8 thoughts on “Land Entitlement: 11 Things You Must Know In 2024”

  1. Once you get an entitlement, how long is it good for? does it expire after a certain period? Please advise.

    • Hello Peter, every jurisdiction has slightly different regulations. Often, a permit is valid for 6 months to 1 year before it needs to be renewed or construction started. I would call the local building and zoning offices to confirm how long a permit would be valid in your area.

  2. Hi Erica, great background.
    We are a Developer based in Toronto and was active in the US 2004-2008.
    We have conceived and registered copyrights in the US and Canada for an Affordable Housing disruptor. ” The JOY Concept”
    We are well used to the Entitlement process in Canada but green in the US and will be retaining Planning Consultants there for Entitlements.
    Here’s my question, (knowing how lengthy and detailed to process is to get to the permit stage, I attended an online Affordable Housing Summit put on a few weeks ago by the University of Windsor and although many barriers to AH were discussed by the panel, it was painfully clear that the Entitlement process was the main drag on delivery of units.
    Also in attendance was a ‘Director of Housing’? from Michigan and he made a comment which to me was a Eureka moment that could break the log jam..
    He mentioned a ‘Pre Approval of Entitlements within 6 months to permit but the Developer had to post an LC as security that the project would be built in accordance with approved plans, specs, and Ordinances etc etc, and any infractions would be charged against the irrevocable LC.

    So…do you know if such a process and if so where, and we could look at that County / City as our beachhead for the first US JOY project and if so, with your background I would like to have a discussion with you.

    Many thanks and sorry for the thesis…
    Best Regards, Ian Jones MRICS, Pres.
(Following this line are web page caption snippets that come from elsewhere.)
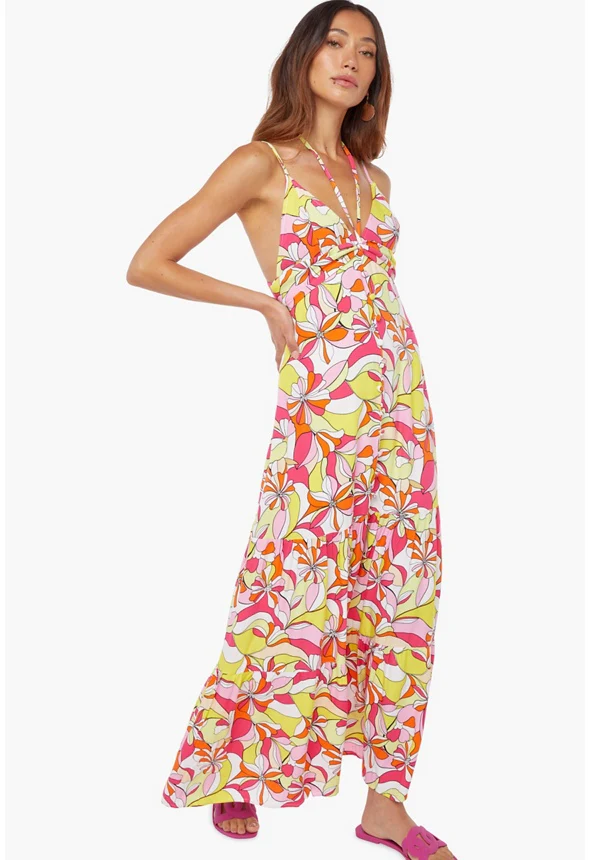 Strappy Tiered Maxi Dress - Image 2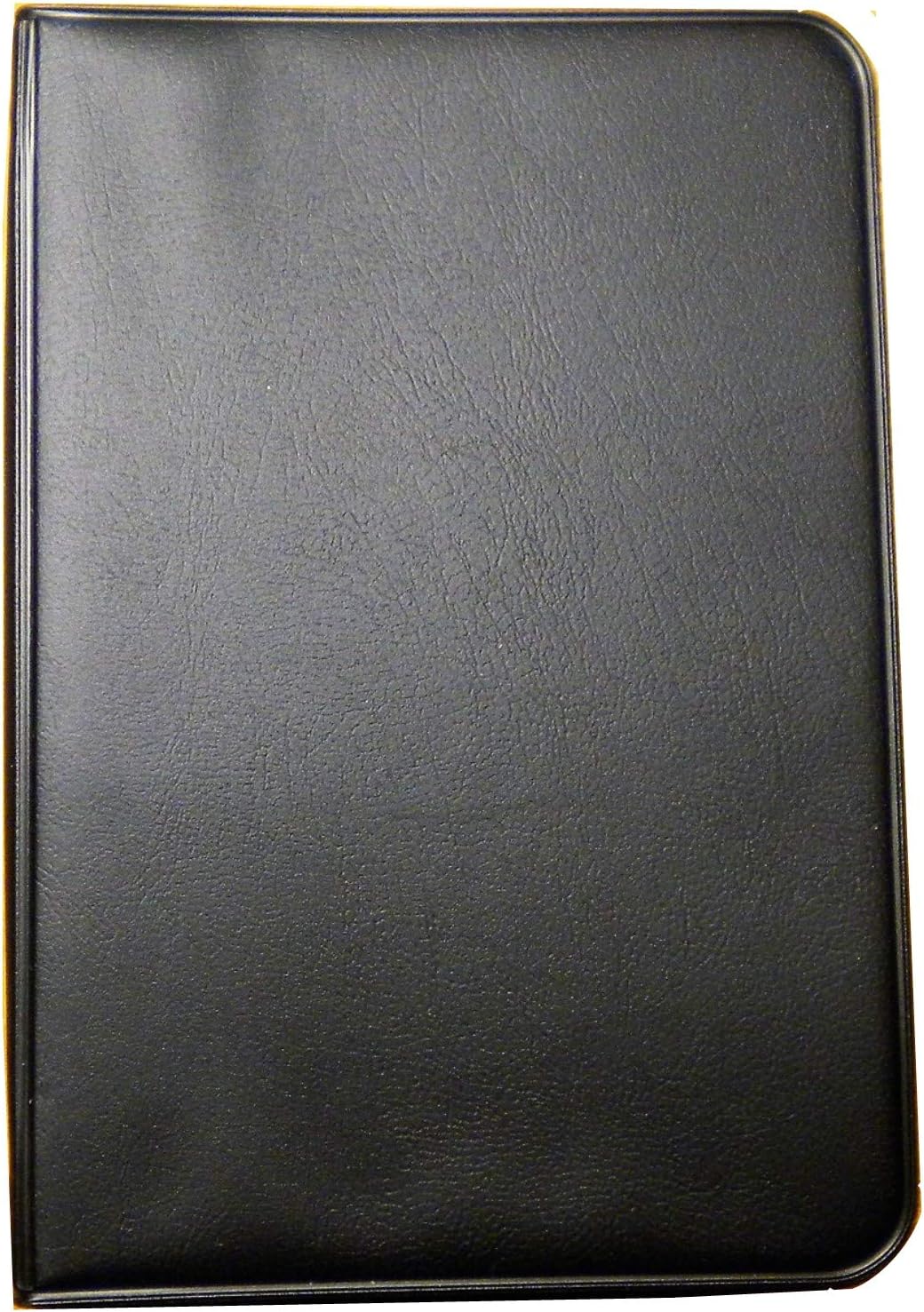 Little 6-ring vinilo cartón para 312x 6inch Hojas, Negro con una sola Lock Release (como Mead 46032)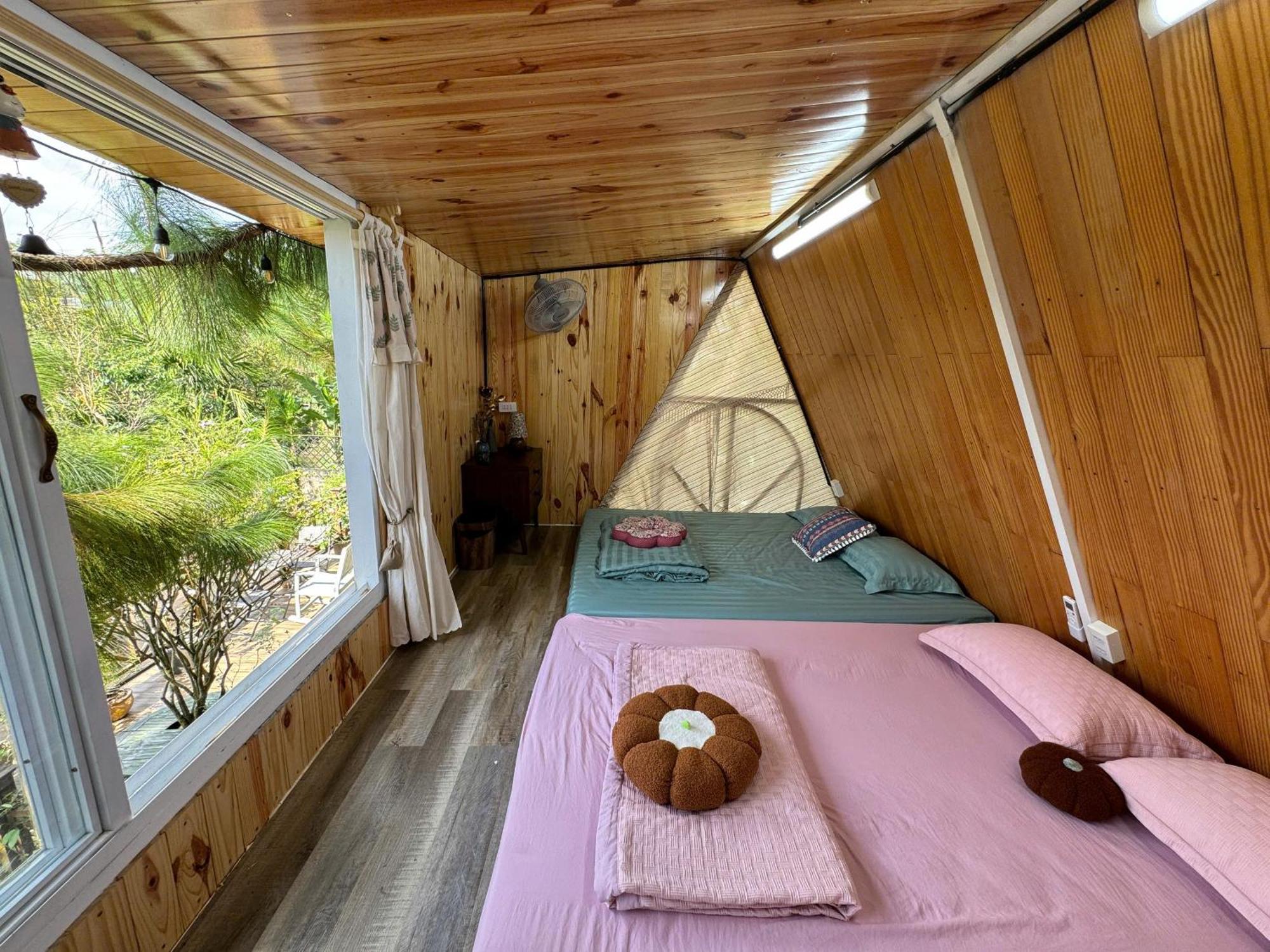 Hometa Homestay Bao Loc Exteriör bild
BGI Group

    • Hello Ian, unfortunately, I do not know of any other cities that have a “pre approval” program for affordable housing programs, but in NYC (for example) we would assist the development team with the entitlement process when the developer planned to use one of our affordable housing programs to build an affordable housing project. There are other cities that also have similar programs and which also likely provide assistance with the entitlement process for affordable housing projects. Cities often also provide certain exceptions to standard zoning regulations for affordable housing. I would recommend selecting the area where you would like to build first and then building a relationship with the relevant parties in the affordable housing department to see what programs and options exist for affordable housing developers. You may also want to speak to the construction lending arm of one of the major banks or an organization like LISC or Enterprise to understand how the Low Income Housing Tax Credit works, as this is a great source of equity funding. You can also always shoot me an email if you would like to chat further (

  3. Hi Erika,
    We have encountered many bridge loan requests recently. Many developers insist the value of the land should be increased dramatically once they obtained the entitlement approval from the government, and therefor LTV should not based on the Land Price when they paid for the purchase. However the appraiser always stated the value is “as is”, unless the construction permits is ready to be pulled. My question would be what is the stage that we realized the fair market value of the land has been increased by the approval of entitlement? Is it when we obtain the approval from government and public hearing or RTI (Construction permit ready to issue)?

    • Hello Frank, I would usually go with the appraiser’s opinion, which would be when construction permits could be pulled.

  4. Do you have experience relocating conservation easements? And experience in transferring TDR?

    • Hi Viktor, I’m afraid I don’t have any experience relocating conservation easements. I would recommend speaking with a local real estate attorney.